One summer I needed a job, and my mom offered to get me a position at the assisted living community where she worked at the time. For some reason, I was oddly excited at the idea of working at the same place as my mom. I assumed it would be us going to the mall on our lunch breaks and her buying me chicken teriyaki, among other fun and delicious adventures.
I was not expecting the assisted living community to smell so strongly of feces. “You’ll get used to it,” she assured me. She wasn’t wrong, although I don’t know that it’s a good thing that my nose has been desensitized to the smell of human excrement.
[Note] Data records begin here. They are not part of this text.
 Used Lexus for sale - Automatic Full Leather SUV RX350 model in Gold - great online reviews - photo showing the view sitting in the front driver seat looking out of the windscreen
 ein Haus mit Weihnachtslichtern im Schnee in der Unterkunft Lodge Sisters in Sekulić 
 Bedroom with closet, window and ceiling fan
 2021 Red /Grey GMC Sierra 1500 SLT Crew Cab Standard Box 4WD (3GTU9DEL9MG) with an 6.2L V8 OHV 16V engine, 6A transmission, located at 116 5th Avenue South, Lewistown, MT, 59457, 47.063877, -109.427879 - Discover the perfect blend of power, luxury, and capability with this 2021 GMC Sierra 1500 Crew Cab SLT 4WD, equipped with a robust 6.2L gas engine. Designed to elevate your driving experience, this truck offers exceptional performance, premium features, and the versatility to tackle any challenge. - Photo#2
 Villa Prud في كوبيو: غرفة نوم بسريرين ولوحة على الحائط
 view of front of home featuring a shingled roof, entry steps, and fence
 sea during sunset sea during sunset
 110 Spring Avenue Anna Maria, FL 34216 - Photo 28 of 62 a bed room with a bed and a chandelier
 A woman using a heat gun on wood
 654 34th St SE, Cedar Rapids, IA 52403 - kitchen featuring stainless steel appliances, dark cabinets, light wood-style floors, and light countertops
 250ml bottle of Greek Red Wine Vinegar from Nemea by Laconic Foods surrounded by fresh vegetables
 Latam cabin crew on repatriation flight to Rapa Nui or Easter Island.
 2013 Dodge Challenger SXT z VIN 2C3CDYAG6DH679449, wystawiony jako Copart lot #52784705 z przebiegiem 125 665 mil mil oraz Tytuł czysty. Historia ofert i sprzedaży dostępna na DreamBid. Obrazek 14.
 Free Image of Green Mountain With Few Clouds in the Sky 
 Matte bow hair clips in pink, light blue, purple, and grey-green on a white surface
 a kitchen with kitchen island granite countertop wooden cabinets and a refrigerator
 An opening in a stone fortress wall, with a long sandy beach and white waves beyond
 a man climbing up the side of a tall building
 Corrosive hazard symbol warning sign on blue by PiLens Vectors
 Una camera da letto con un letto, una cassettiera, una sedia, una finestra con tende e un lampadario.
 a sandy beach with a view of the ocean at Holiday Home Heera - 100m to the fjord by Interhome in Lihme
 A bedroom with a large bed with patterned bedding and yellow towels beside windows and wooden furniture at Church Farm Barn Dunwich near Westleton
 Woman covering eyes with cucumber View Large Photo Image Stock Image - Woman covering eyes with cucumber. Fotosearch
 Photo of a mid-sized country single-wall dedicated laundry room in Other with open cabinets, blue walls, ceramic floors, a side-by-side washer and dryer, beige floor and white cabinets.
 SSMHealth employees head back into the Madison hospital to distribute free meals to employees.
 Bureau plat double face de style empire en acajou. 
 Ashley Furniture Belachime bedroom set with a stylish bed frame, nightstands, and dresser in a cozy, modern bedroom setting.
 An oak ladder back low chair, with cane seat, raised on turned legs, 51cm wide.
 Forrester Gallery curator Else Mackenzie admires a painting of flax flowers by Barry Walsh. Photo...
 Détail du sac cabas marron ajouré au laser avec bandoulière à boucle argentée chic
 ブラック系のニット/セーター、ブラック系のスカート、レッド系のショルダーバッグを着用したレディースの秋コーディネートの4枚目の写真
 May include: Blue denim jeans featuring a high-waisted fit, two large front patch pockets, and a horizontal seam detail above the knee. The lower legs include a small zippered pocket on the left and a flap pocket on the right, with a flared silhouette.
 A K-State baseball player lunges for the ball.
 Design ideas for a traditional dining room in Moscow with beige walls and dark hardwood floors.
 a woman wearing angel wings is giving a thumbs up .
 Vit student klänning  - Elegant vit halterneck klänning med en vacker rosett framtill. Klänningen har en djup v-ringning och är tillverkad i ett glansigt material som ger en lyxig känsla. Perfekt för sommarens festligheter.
The interview was largely a formality. I’m pretty sure I probably wore jeans to it. The training–however–was no joke. Nearly two weeks were devoted to watching videos and taking tests on HIPPA, blood borne pathogens, how to drag a patient down the stairs in a blanket in case of a fire (our building didn’t even have stairs), and more.
Finally, I was required to take a CPR class. This seemed like a lot of hoop jumping for the job I was actually going to be performing–my job title was “Activities Assistant.” AKA I played bingo with the residents. For $10 an hour.
My mom decided that she needed to renew her CPR certification, so she signed up to take the class with me. She regrets this decision to this day, I believe.
My mom was flirting with our CPR instructor even though he was only a 4 and she’s easily an 8. Needless to say, I was annoyed that I wasn’t getting the most out of my CPR class because my mom was trying to get a date to the assisted living community prom. That definitely wasn’t an actual activity we held, but I’m kind of surprised because the activities grew increasingly more stupid the longer I worked there (I was once asked to do an assisted living community yoga class. I had never taken yoga and most of the residents were in wheel chairs.).
By the time my mom was done batting her eyelashes and twirling her hair, I had forgotten everything I learned. As I approached the CPR dummy–I couldn’t help but think how I was going to let him down. He was going to die, simply because my mom has to flirt with every man we encounter–no dentist, waiter, grocery store checkout bag boy is safe. I became overridden with emotion and rage, tilted his sweet, plastic head backwards slightly, and folded my hands onto the smooth, cold surface of his unmoving chest.
“BREATH GODDAMMIT,” I shouted. “Don’t you go dying on me! I won’t let it end like this!”
As the tears streamed down my face, the temperature in the room dropped and the lights began to dim. Suddenly we were transported to the middle of the Atlantic, and my own breath was visible in the cold air in front of me as I frantically inhaled and exhaled.
“You’re going to go on. And you’re going to make lots of babies. And you’re going to die an old woman, warm in her bed,” I squeaked to the naked, male torso of the mannequin in front of me. I didn’t even know his name, yet we had been through so much in the past twenty minutes. I was deeply invested at this point.
Obviously those last two paragraphs didn’t happen. But my mother was mortified at this point. I had made a fool of myself–in front of her potential fourth husband.